• **Task requirements**:
Using the records below, copy exactly the part that opens with the line holding "2 Rockville 3U" and closes with the line holding "Стар български порцелан", minus the pictures.
>>>>>
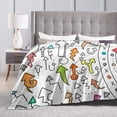 thumbnail image 4 of Super Soft Anti-Pilling Flannel Bed Blankets, Cartoon Arrow Doodle Cozy Fluffy Warm All Seasons Throw Blanket for Sofa Bedding, 80"x60", 4 of 8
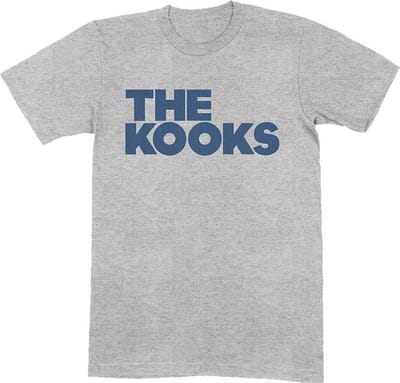 The Kooks - Logo Heren T-shirt - M - Grijs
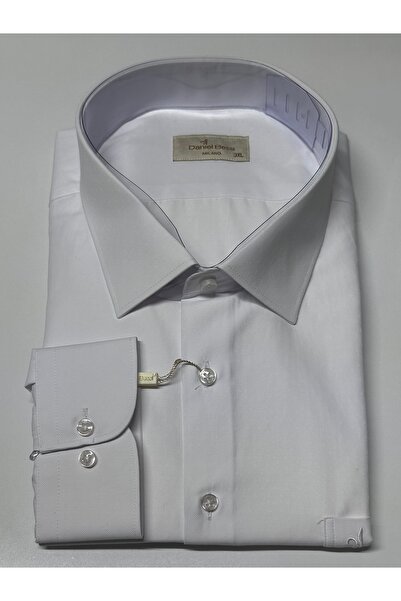 Daniel Bessi Μακρυμάνικο Regular Fit Oversize Ριγέ Κλασικό Ανδρικό Πουκάμισο με Τσέπες GML-490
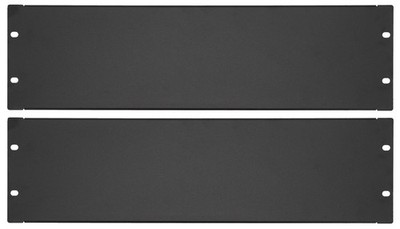2 Rockville 3U BLANK RACK PANELS 19'' Pro Audio or Server Rack, Heavy Gauge Steel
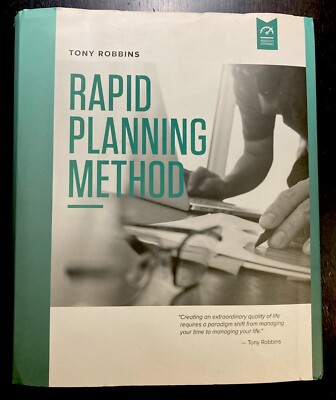 Tony Robbins Rapid Planning Method [RPM] Planner Set Never Used NEW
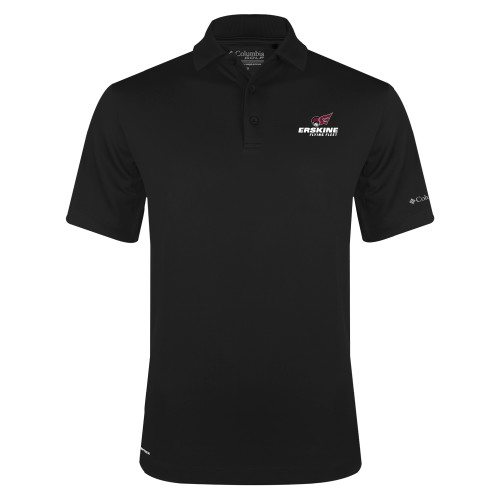  Columbia Black Omni Wick Drive Polo - Erskine Flying Fleet Stacked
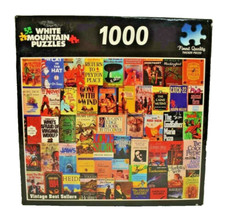 White Mountain Vintage Best Sellers 1000 Piece Jigsaw Puzzle Complete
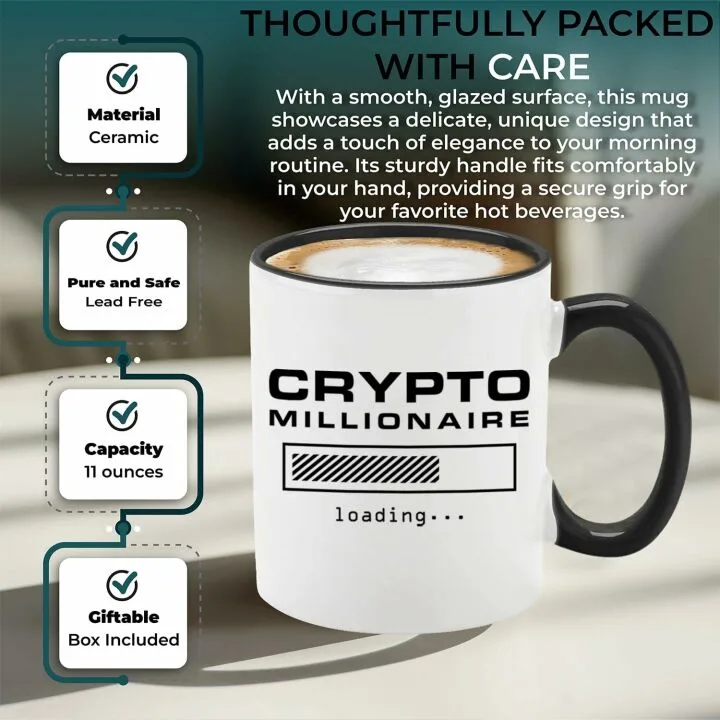 Crypto Millionaire Loading... Ceramic Mug - Funny Gift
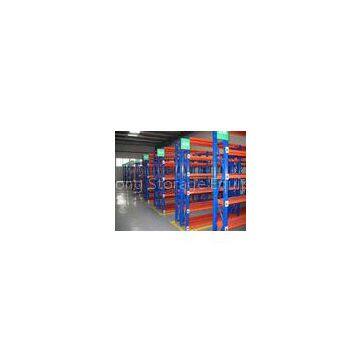 1.5m Supermarket Storage Shelf Rack , Metal Long Span Shelving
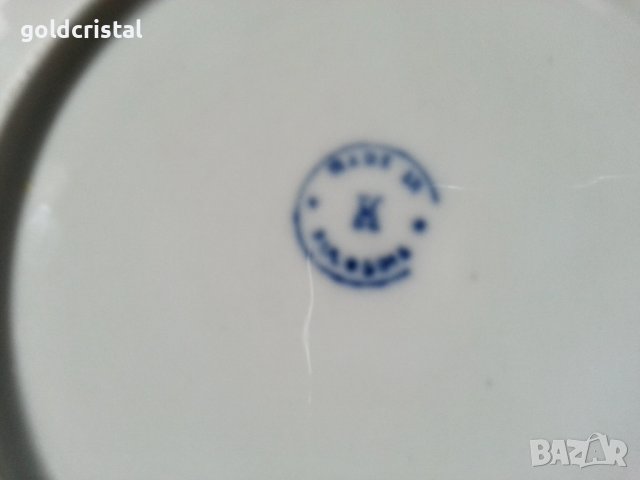 Стар български порцелан чинии , снимка 4 - Антикварни и старинни предмети - 41776511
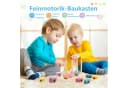 CLTYQ Lernspielzeug Montessori Holz Sortier & Stapelspielzeug, Fädelspiel, Bausteine Sortierspielv Bild 1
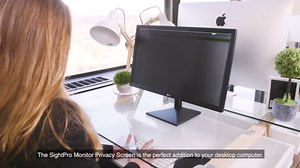 24 Inch 16:10 Computer Privacy Screen Filter for Monitor - Privacy Shield and Anti-Glare Protector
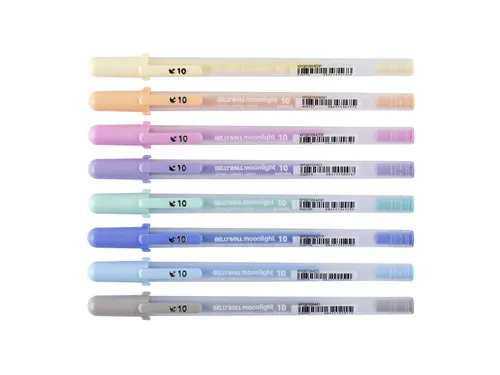 Gelschrijver Sakura Gelly Roll 1.0mm Moonlight 10 Pastel 8 stuks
<<<<<
• **Task answer**:
2 Rockville 3U BLANK RACK PANELS 19'' Pro Audio or Server Rack, Heavy Gauge Steel
 Tony Robbins Rapid Planning Method [RPM] Planner Set Never Used NEW
  Columbia Black Omni Wick Drive Polo - Erskine Flying Fleet Stacked
 White Mountain Vintage Best Sellers 1000 Piece Jigsaw Puzzle Complete
 Crypto Millionaire Loading... Ceramic Mug - Funny Gift
 1.5m Supermarket Storage Shelf Rack , Metal Long Span Shelving
 Стар български порцелан чинии , снимка 4 - Антикварни и старинни предмети - 41776511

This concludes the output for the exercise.